Late last month, the EC issued a formal rebuke of Germany’s three-year-old federal interstate gambling treaty. It’s been nearly one year since Germany awarded 20 federal online sports betting licenses but legal challenges by rejected applicants have prevented any of these licenses from taking effect.
This failure to launch loomed large in the EC’s shaming letter, but it was far from the only criticism. The EC also chastised the lack of transparency during the license application process and questioned the reasoning behind Germany’s decision to restrict licensed operators to sports betting while banning online casino and poker products.
The EC suggested that the treaty had clearly failed in its stated objective of reducing the scale of unauthorized operators, which continue to represent nearly one-third of the country’s online market. The EC also challenged Germany to demonstrate what successes – if any – the treaty had achieved in reducing the rates of problem gambling and money laundering activity.
The EC has given Germany until Sept. 7 to respond to these criticisms, after which the EC will take 10 weeks to consider Germany’s response. Given the tight timeline and Germany’s demonstrated inability to make any progress on this front, the EC will likely recommend that the German legislation be brought before the Court of Justice for the European Union, which will finally put this legislative abomination out of its misery.
ODDSET GIVEN PREFERENTIAL TREATMENT?
Earlier this month, the Administrative Court of Hamburg joined its counterparts in Wiesbaden and Frankfurt in ruling that the German licensing application process was deeply flawed. However, the Hamburg court also questioned why one of the approved 20 licensees appeared to have been given preferential treatment by the Hesse Ministry of the Interior and Sport.

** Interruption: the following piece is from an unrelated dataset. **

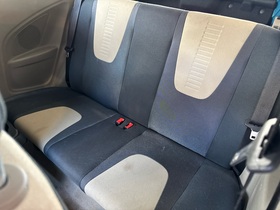 Ford Ka vaihtoauto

The Hamburg court’s decision redacted the name of this operator, but it is widely believed to refer to land-based sports betting monopoly ODS Oddset Deutschland. The Hamburg court said the operator had essentially been “fast tracked” through the licensing process, despite there being no obvious justification for such preferential treatment.
Last autumn, a court in Bavaria also challenged Oddset’s receipt of a license, noting that German law prohibited betting operators from having ties to sporting bodies. Oddset’s shareholders include 13 of the country’s 16 state lottery monopolies, which have links to German sports federations.